Our program delivers a fitness that is, by design, broad, general, and inclusive. Our specialty is not specializing. Combat, survival, many sports, and life reward this kind of fitness and, on average, punish the specialist.
Punishing the specialist. I know all about that. For 20 years I was a long-distance runner. I have the compendium of overuse injuries to underscore the punishment of my speciality.
I wanted – and needed – to be rewarded with fitness that would take me, in good health and sound body, into my 60s and beyond.
And so, on the advice of my very smart, very fit daughter, I joined our local CrossFit gym – CrossFit Beacon. The building is like a cathedral to fitness. You enter a narthex, a smaller, low-ceilinged room, passing a phalanx of Concept2 rowing machines and walls decorated with jumping ropes. From there you enter the nave – soaring walls and equipment that draws your eyes upward.
For a newbie, it can be very intimidating.
Except that everyone there is not only impossibly fit, but really, really nice. And welcoming. And positive. And strong.
WOD, snatch, AMRAP, thruster, MetCon. There’s a whole new vocabulary to learn. An observation: what doesn’t sound just a little bit vulgar sounds like shorthand employed by Seal Team 6.
Who better to indoctrinate introduce me to CrossFit culture and ritual than Annie Michel, 55, who has in a few short days become my workout mentor and my role model. Annie’s bona fides are staggering. Last month she took second place in her age group, in the whole freakin’ universe, at the 2012 CrossFit Games.
Annie taught me the basics – snatching and thrusting, double-unders and hang cleans – so I could slip seamlessly into CrossFit classes. At least that was my hope.
Today was my first class. Seamless doesn’t exactly describe my maiden voyage on the good ship CrossFit. Keep in mind that in today’s class I was the oldest participant by at least a couple of decades. (Annie, where were you when I needed you?)
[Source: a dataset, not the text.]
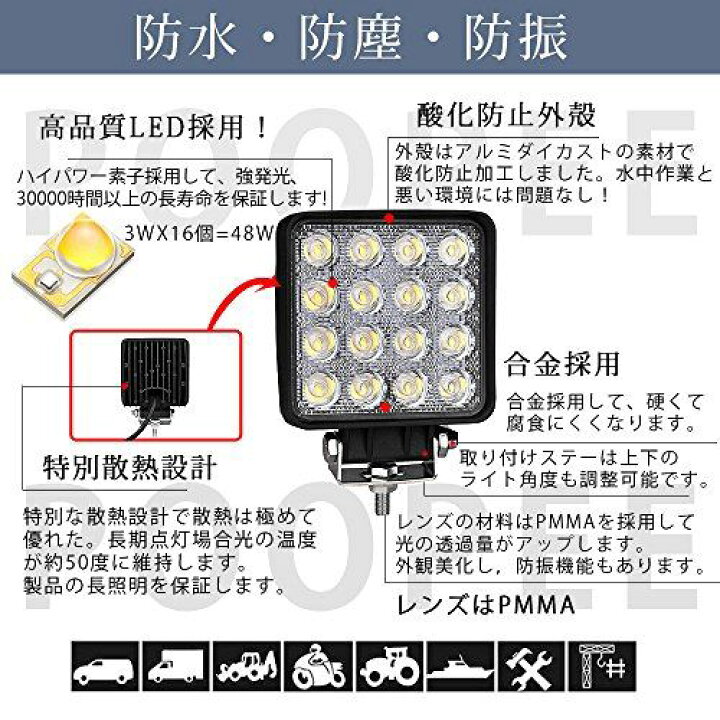 市場】LED 作業灯 24V 12V 広角 48W-ポーペ(POOPEE) 16連 LEDワークライト アウトドア 屋外作業 バギー オフロード トラック用品、車外灯 高輝度 高品質 省エネ 防水防塵 ホワイト 1個 : スマホケースのMOAセレクト 市場】LED 作業灯 24V 12V 広角 48W-ポーペ(POOPEE) 16連 LEDワークライト アウトドア 屋外作業 バギー オフロード トラック用品、車外灯 高輝度 高品質 省エネ 防水防塵 ホワイト 1個 : スマホケースのMOAセレクト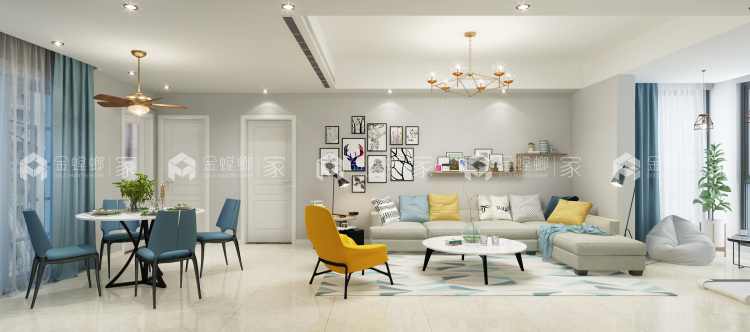 秋雨台115㎡北欧-空间效果图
The warm-up was a 400-meter run (thank you, baby jebus), followed by ball slams, then burpees, and ending with side lunges.
Reader, the burpees alone were enough to kill me.
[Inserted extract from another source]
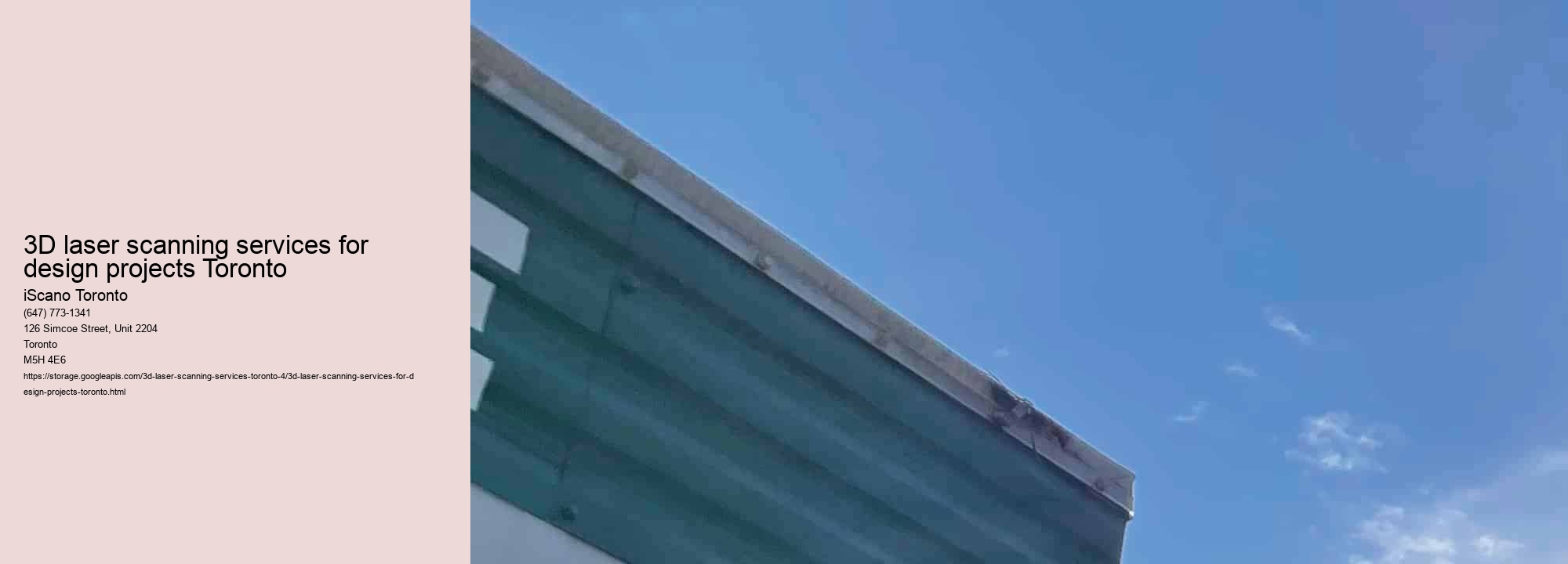 3D laser scanning services for design projects Toronto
And that was the warm up. It got harder from there. A lot harder. Today, my daughter informed me, with what I believe was unnecessary condescension and eye-rolling, was a particularly easy WOD (workout of the day).
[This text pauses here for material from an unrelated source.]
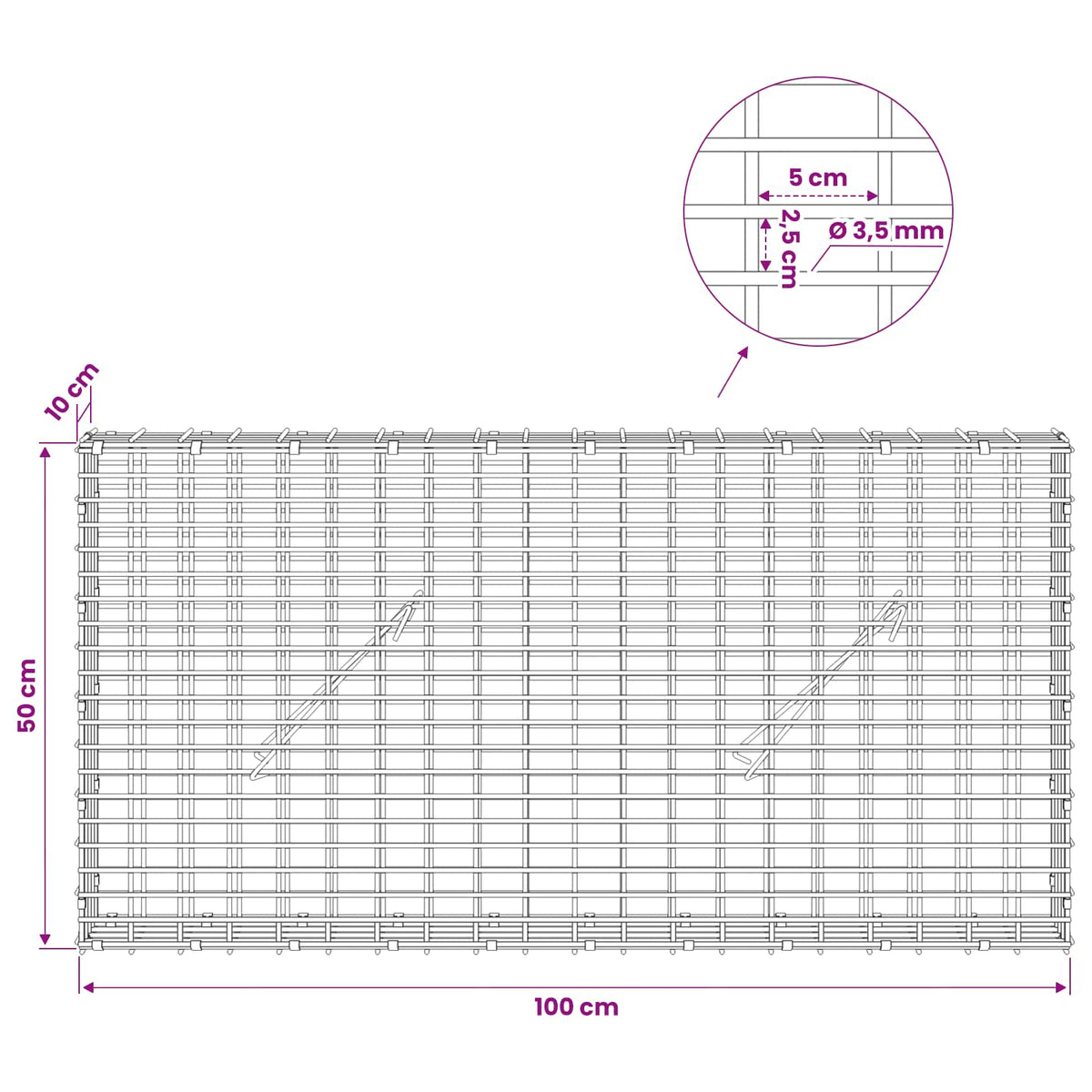 Gabionas su 3,5 mm viela ir 5x2,5 cm tinkleliu 100x10x50 cm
My body is still vibrating with fatigue.
In spite of my weak-kneed and breathless condition, I left the gym knowing I want to get good at this. I’ll work harder and get stronger and make progress. I want to be a badass.
But first I will take my sorry, quivering bod down to the ocean for a good soak.
*I have until February 7, 2013 to arrive at 60 healthy, fit, and full of beans. SMTS is a record of my journey.